He didn’t need Laura to tell him that the reason Callie couldn’t remember could very well be because the killer was her mother. Or at the very least, someone she knew.
“It’s the first time I remember knowing something. I suppose that is what made me go to the man’s room that night. I was called there, just as I was the other murders.”
Rourke nodded, but he was thinking that she could have followed her mother to that room that night just as easily.
“You took the name Westfield. Did you not know your mother’s last name?”
She shook her head. “She said it wasn’t hers anymore. That she wasn’t that person. She wanted nothing to do with her family, and apparently they wanted nothing to do with her.”

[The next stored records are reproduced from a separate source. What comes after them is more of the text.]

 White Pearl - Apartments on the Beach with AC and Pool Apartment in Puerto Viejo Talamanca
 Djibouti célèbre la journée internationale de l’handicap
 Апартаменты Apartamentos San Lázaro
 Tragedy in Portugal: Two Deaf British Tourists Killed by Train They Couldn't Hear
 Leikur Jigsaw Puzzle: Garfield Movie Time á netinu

“She gave you her name, Caligrace?”
“She said she wanted me to have something of hers.” Her voice broke. “I think she knew she was never going to leave that place.”

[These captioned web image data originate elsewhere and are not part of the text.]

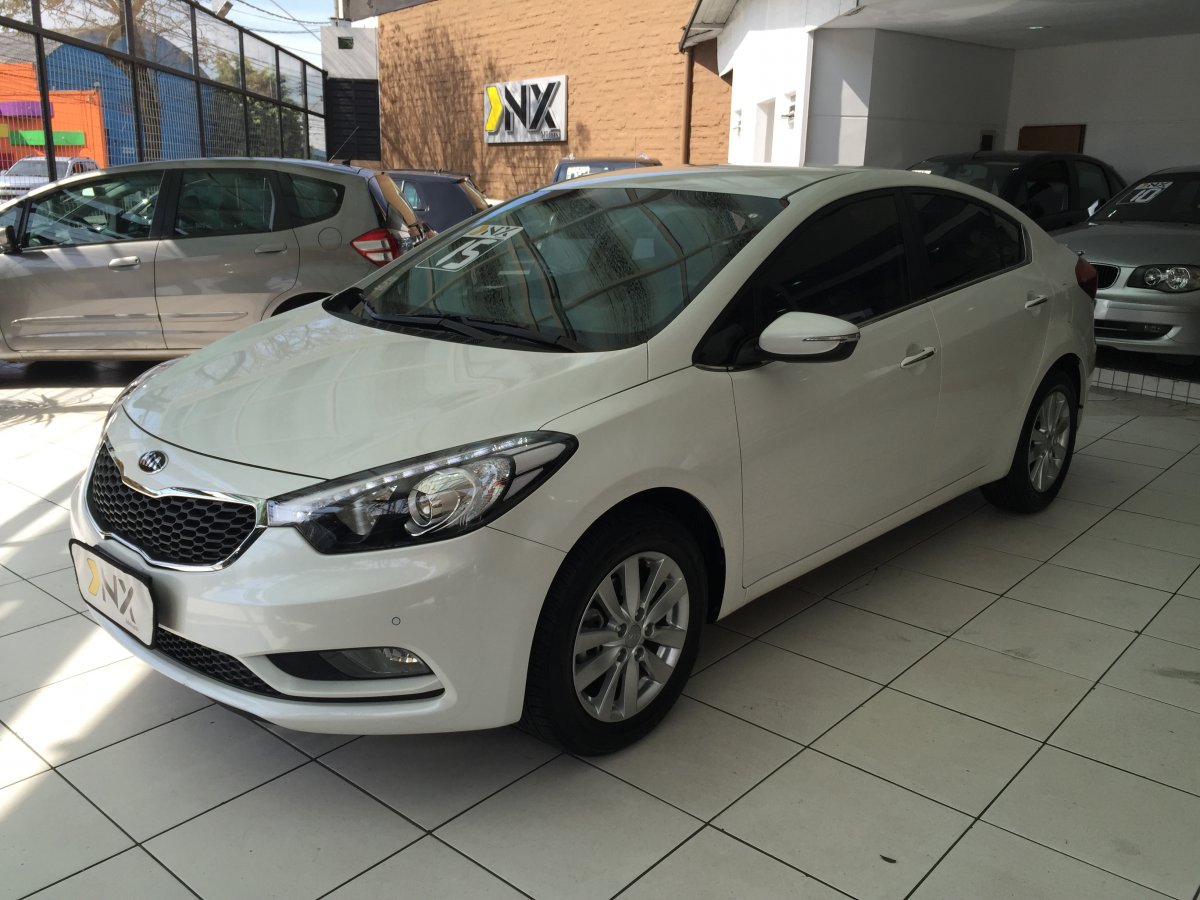 Kia cerato 1 6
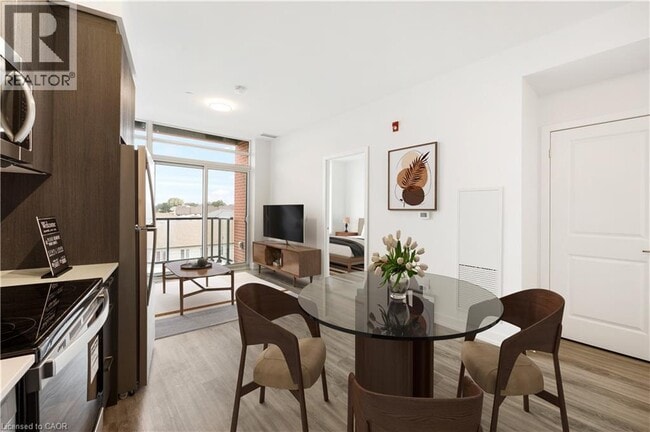 property at 1010 Dundas St E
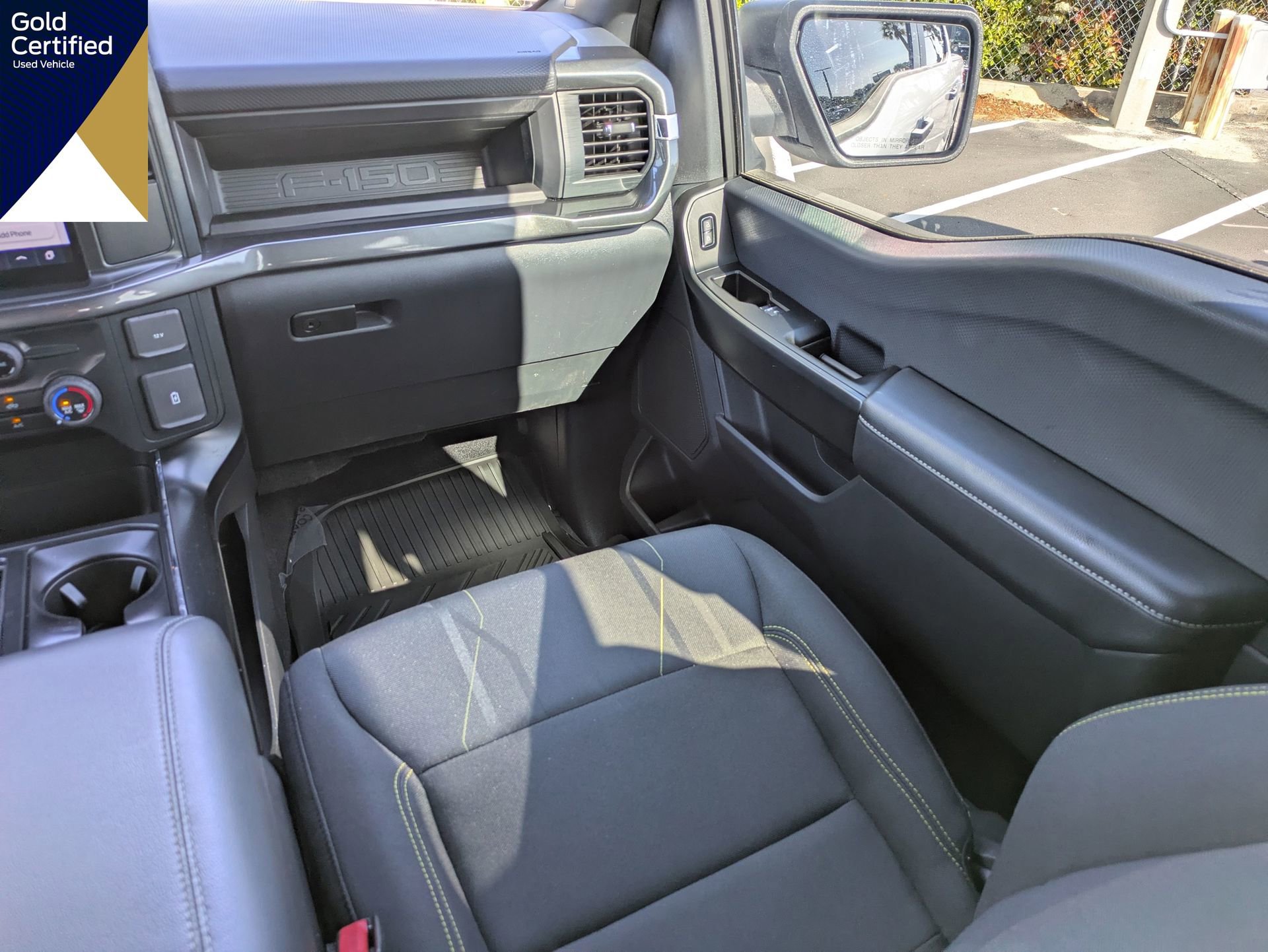 Certified 2025 Ford F150 STX w/ Equipment Group 200A AWD/4WD image 21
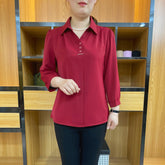 Uniwersalna koszula z długim rękawem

Was it possible her mother also had the sight? “Callie, the murders are connected to that murder at Westfield Manor. It’s the only thing that makes sense. We have to go there.”
CHAPTER TWENTY-FOUR
CALLIE FELT A sliver of ice work its way up her spine at his suggestion.

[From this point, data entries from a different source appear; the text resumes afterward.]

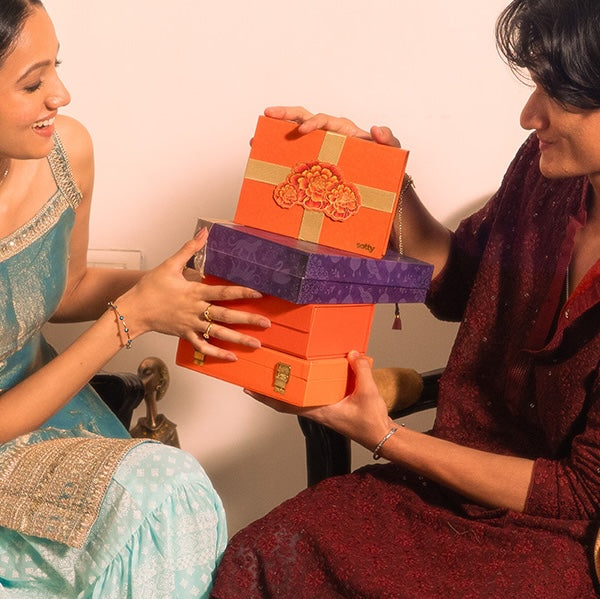 RAKHI GIFT HAMPERS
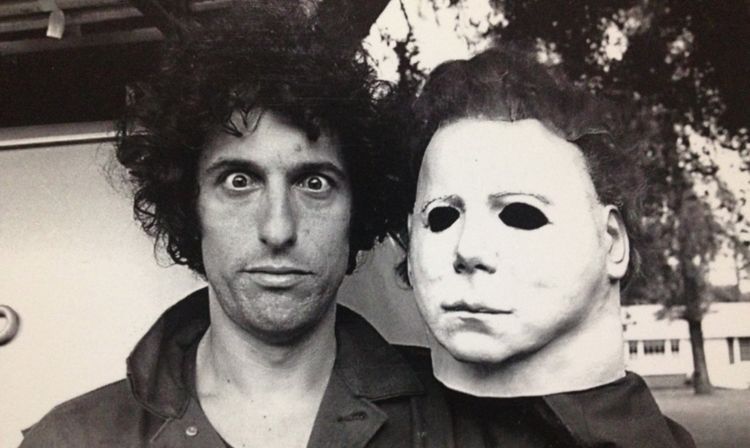 Happy Birthday to the original Shape, Nick Castle! 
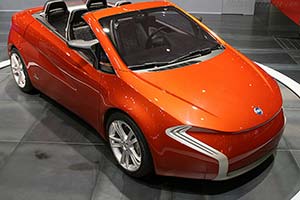 Click here to open the Fiat Suagna Bertone Concept gallery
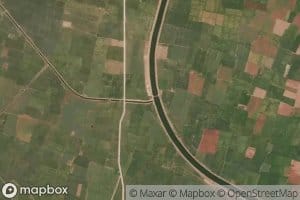 Ten Left Distributary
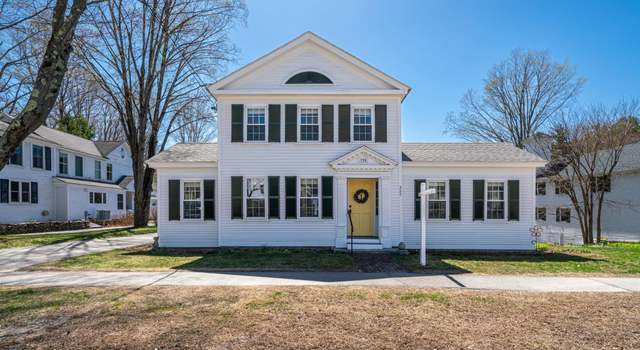Photo of 357 Main St, Hopkinton, NH 03229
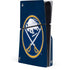 NHL Buffalo Sabres Distressed PS5 Slim Disk Console Skin
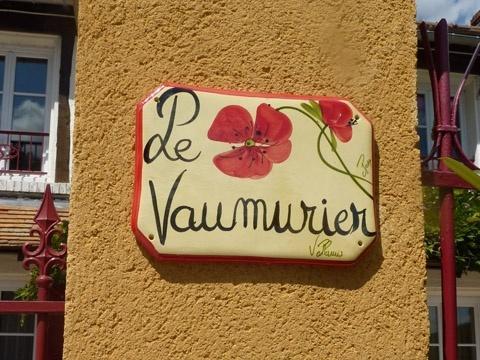 Appartements Et Chambres Le Vaumurier De Saint Lambert Exteriör bild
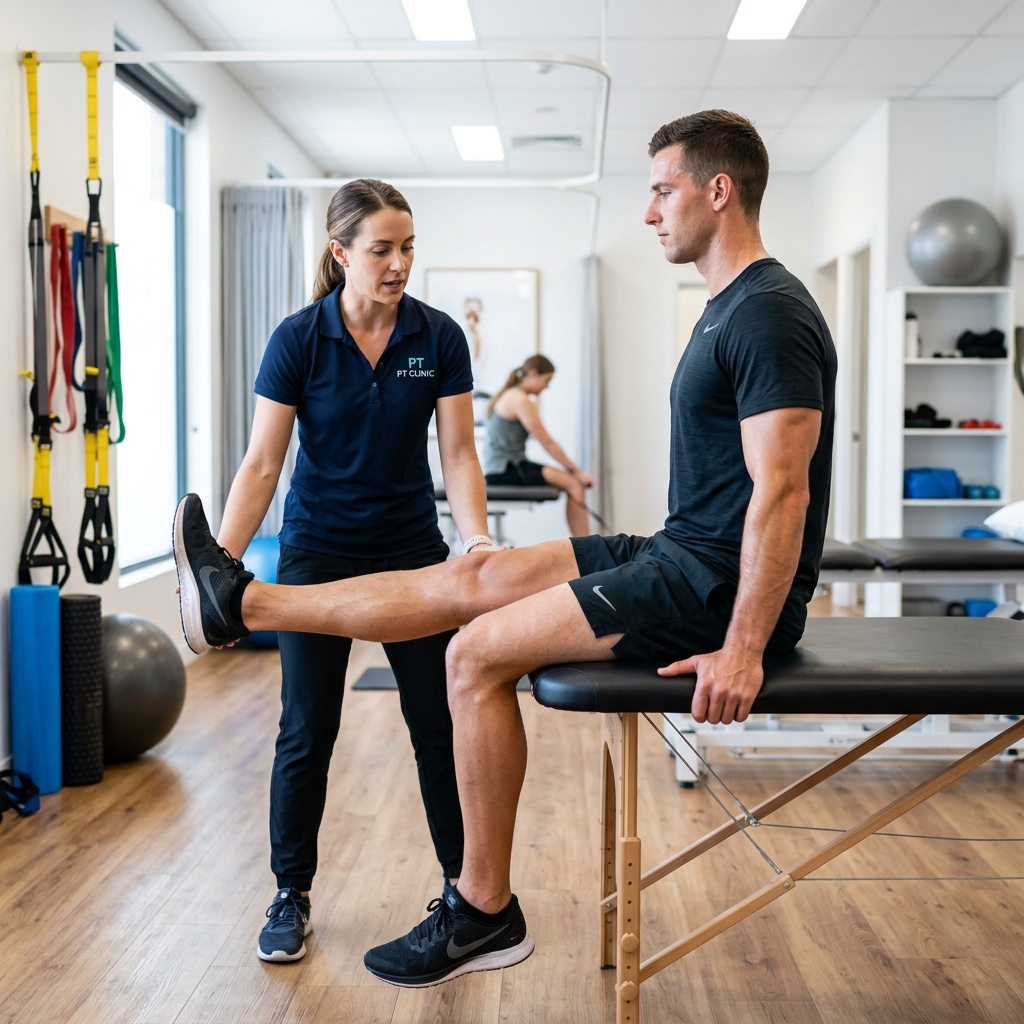 Knee Extension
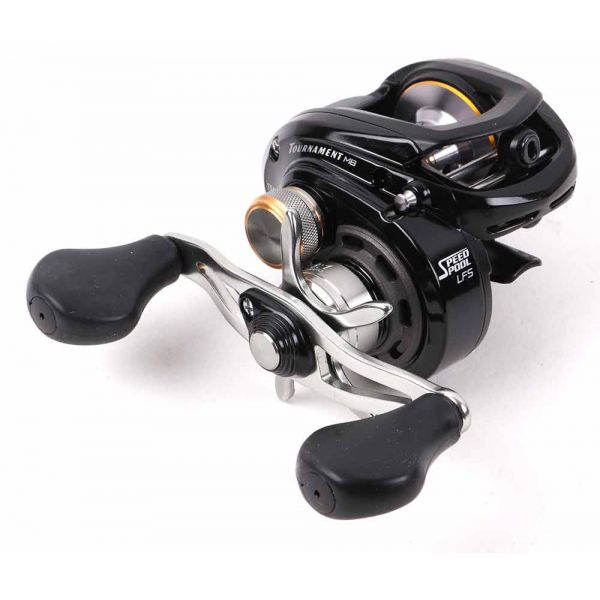 Lew's TS1HMB Tournament MB Speed Spool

“Have you been back to Westfield Manor since you were five?” Rourke asked.
“No.”
“The place is abandoned, but if there is some chance that it jogs your memory...” He stopped to look at her. “Are you afraid to go back?”
Terrified. “I’m afraid of what I might...discover there.”
“I’ll be with you.”
She smiled. “Not your best plan. What if I realize that I’m the real killer?”
“You won’t.”
“I hope you’re right.”
He looked at her with such caring in his expression. He wanted so badly to believe that she was innocent. Or was this more about solving his case? She didn’t need to remind herself that he’d lied to her about who he was, why he was in Beartooth and why he was so interested in her.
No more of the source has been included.